This particular bottle comes from Signatory's Cask Strength collection and was aged in an ex-bourbon hogshead for 13 years.
Many thanks to Dave Worthington of Whisky Discovery for a sample.
|C/O Whisky Discovery|
Nose: rather closed, hints of malt and dry peat smoke, a touch of oak, very light fruit/floral/vanilla, cinnamon, a little green and vegetal. After adding a few drops of water, it opens up quite a bit to give much richer malt, toasted grain, less peat, more integrated wood, and nutty vanilla sugar cookies, and some industrial oiliness like gasoline or diesel.
Taste: thick and rich cask strength sweetness, very malty, citrus, a hefty dose of oak, dry peat smoke, bourbon barrel caramel, and a bit of vanilla, a touch of sourness throughout. After dilution, it's sweeter and has a thicker body with more clear bourbon barrel influence, peat and salt wait until the very end to pop out, almond cookies mid-palate, there's a touch of anise at the back, a little rubbery, and some fruit compote riding through.
Finish: dry, woody, a touch of peat
This reminds me an awful lot of Laphroaig Cask Strength. There's the same thick sweetness followed by bone dry peat smoke. In fact, if you enjoy Laphroaig, I can fairly confidently say that you would enjoy a bottle of 1997 peated Bunnahabhain. Alternatively, give Bunnahabhain's new Toiteach a try, which is a mix of younger peated whisky and older sherry casks.

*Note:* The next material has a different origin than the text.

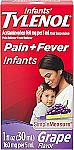Infants' Tylenol Oral Suspension Liquid Medicine 1 Fl Oz $2.84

Zooming out, I can also see how this whisky would be great blend fodder. The smoke counterpoints well with the sweet malt and would play nice with grain whisky to add some more sweet vanilla to the mix, especially if you can toss in some sherry cask malts as well. While I don't have this particular bottle, I do have another 1997 peated Bunnahabhain from Signatory that I'm looking forward to both drinking by itself and using to make my own blends.